Source: https://cli.nylas.com/guides/organize-emails-by-company

Guide

# Group Inbox by Corporate Email Domain

The part after the @ sign is the most reliable company identifier in email. It doesn't change when someone updates their display name, it doesn't get truncated like signatures, and it's present on every single message. Group your inbox by domain and you instantly see which companies you communicate with most.

Written by [Qasim Muhammad](https://cli.nylas.com/authors/qasim-muhammad) • Staff SRE

Reviewed by [Hazik](https://cli.nylas.com/authors/hazik)

Updated April 11, 2026

Verified

 —

CLI

3.1.1

 ·

Gmail, Outlook

 ·

last tested

April 11, 2026

> **TL;DR:** Pipe `nylas email list --json` through jq to extract sender domains. Filter out freemail (Gmail, Yahoo, Outlook), normalize subsidiary domains to parent companies, and export to CSV.

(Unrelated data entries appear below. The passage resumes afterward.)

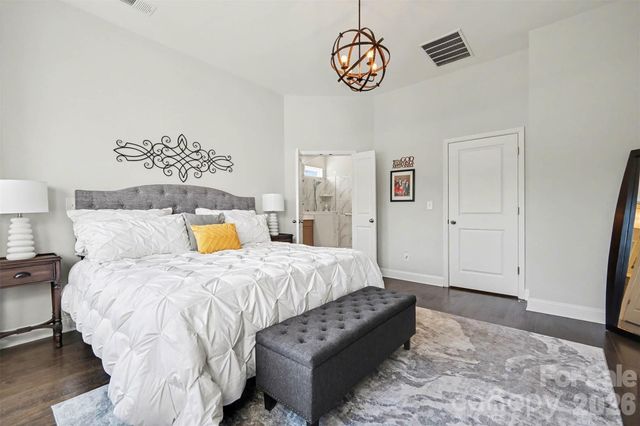 10396 Ambercrest Court NW, Huntersville, NC 28078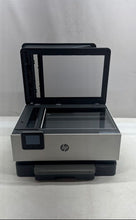 Load image into Gallery viewer, HP OfficeJet Pro 9010e Gray Wireless Digital All-In-One Printer Not Tested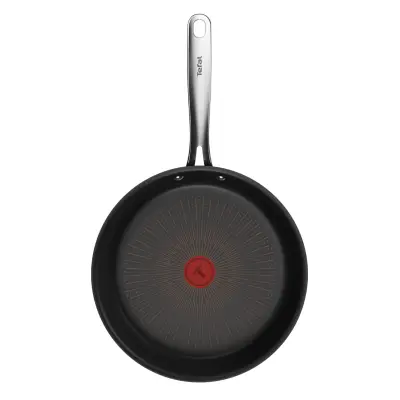 Ponev TEFAL Excellence+ 30 cm, G3300702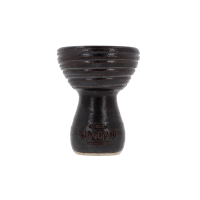 5evilla Bowl - 5 Hole - Midnight Blue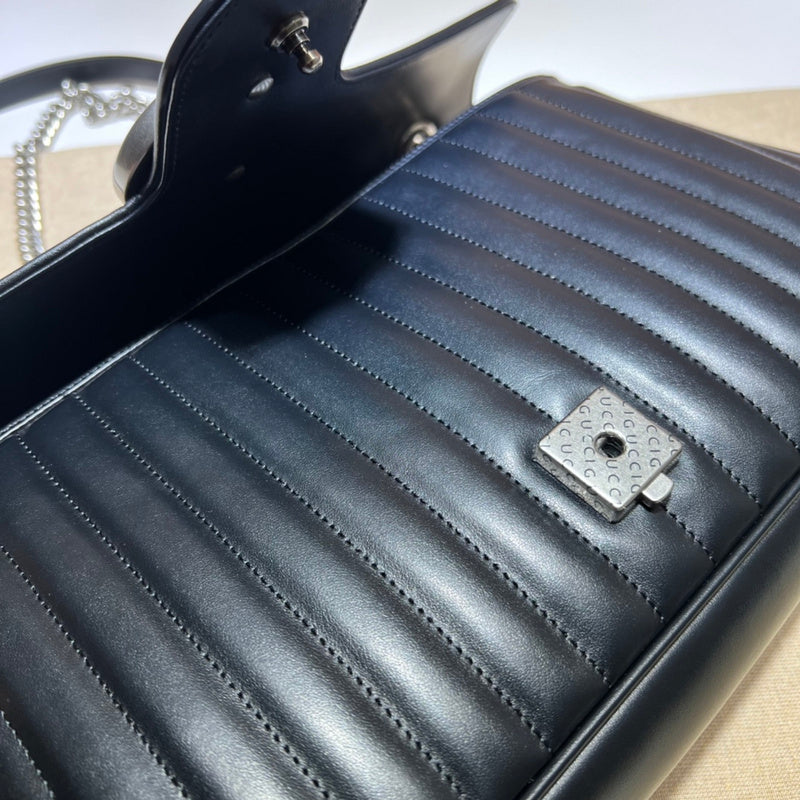 GUI - Luxurious Totes - 474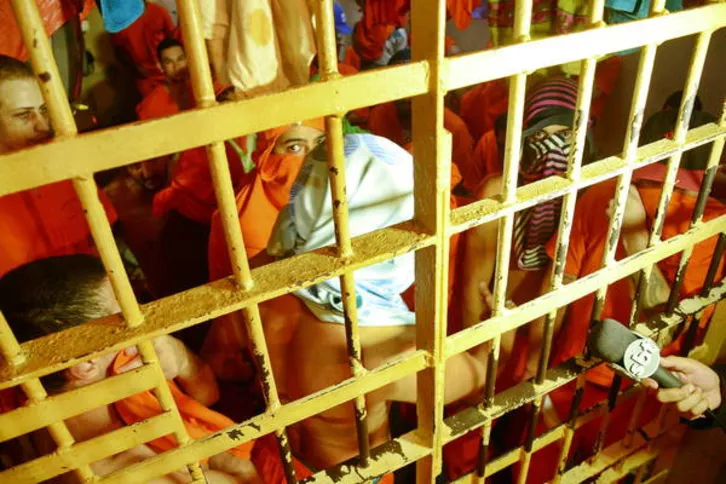 Imagem ilustrativa da imagem Novos delegados assumem 1,5 mil casos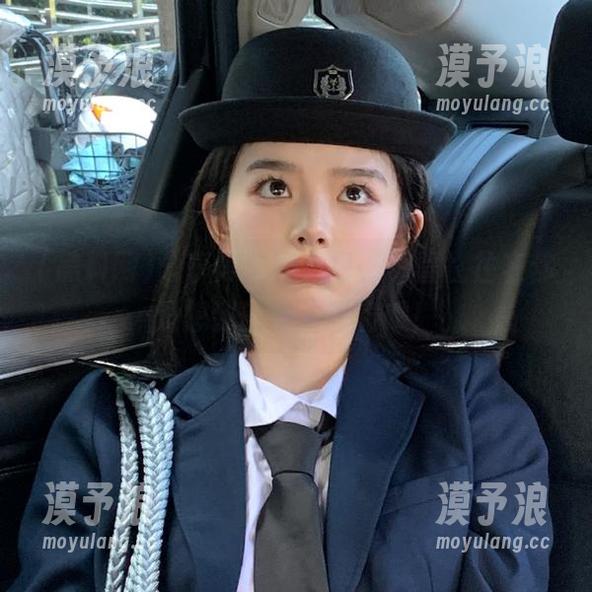 黑料网 分享黑料网入口,惊喜往往在你没想到的地方等着哦!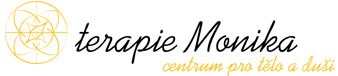 TERAPIE MONIKA 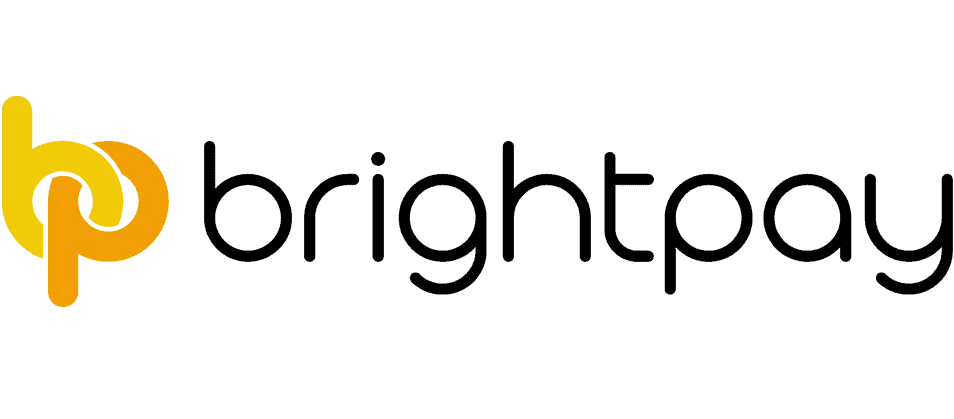 Brightpay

## Why domains beat every other company identifier

Display names are unreliable. “Sarah C” could be anyone. Signatures change across devices. But `sarah@acme.com` unambiguously identifies Acme Corp as the employer. According to the Radicati Group’s 2024 Email Statistics Report, 56% of email addresses use free providers like Gmail and Yahoo. The other 44% use corporate domains that map directly to company names. Filter out the freemail, and you have a clean corporate directory.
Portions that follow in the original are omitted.